Penske Racing announced on Wednesday that they were left with no choice but to terminate the contract of the 30-year-old driver. In the issued release
, team owner Roger Penske called Allmendinger
a “terrific driver” and a “good person” and added it was “very unfortunate” that circumstances left the team with only one course of action.
“The decision to dismiss him (Allmendinger) is consistent with how we would treat any other Penske Racing team member under similar circumstances,” Penske said. “As AJ begins NASCAR’s Road to Recovery
program, we wish him the best and look forward to seeing him compete again in NASCAR.”
The NASCAR website
is reporting that Allmendinger released a statement thanking Penske for the opportunity to drive for Penske Racing and apologizing to the team and its sponsors.
“I apologize for the distraction, embarrassment and difficulties that my current suspension from NASCAR has provided,” the statement read. “I have begun NASCAR’s Road to Recovery
program and look forward to using those resources and its completion to compete again in NASCAR in the near future.”
Penske went on to say that Sam Hornish Jr.

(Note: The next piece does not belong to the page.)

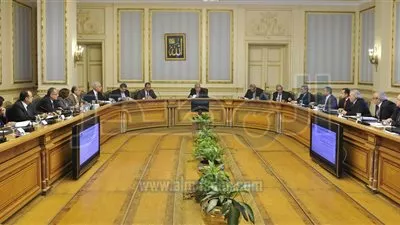 الحكومة توافق  على تقنين وضع الجامعة المصرية للتعليم الإلكتروني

will take over in the driver’s seat of the No. 22 car starting this weekend at Pennsylvania 400
, at Pocono Raceway, and “for the foreseeable future.”
Allmendinger was suspended on July 25 after testing positive for a banned amphetamine. After last week’s announcement, the driver said he would voluntarily enter NASCAR’s substance-abuse rehab program.
As reported in Digital Journal
last week, NASCAR did not specified the substance found in Allmendinger system. Tara Ragan, Allmendinger’s business manager, said in a July-11 statement that the driver had tested positive for a “stimulant” but that he did not know what led to the positive test result.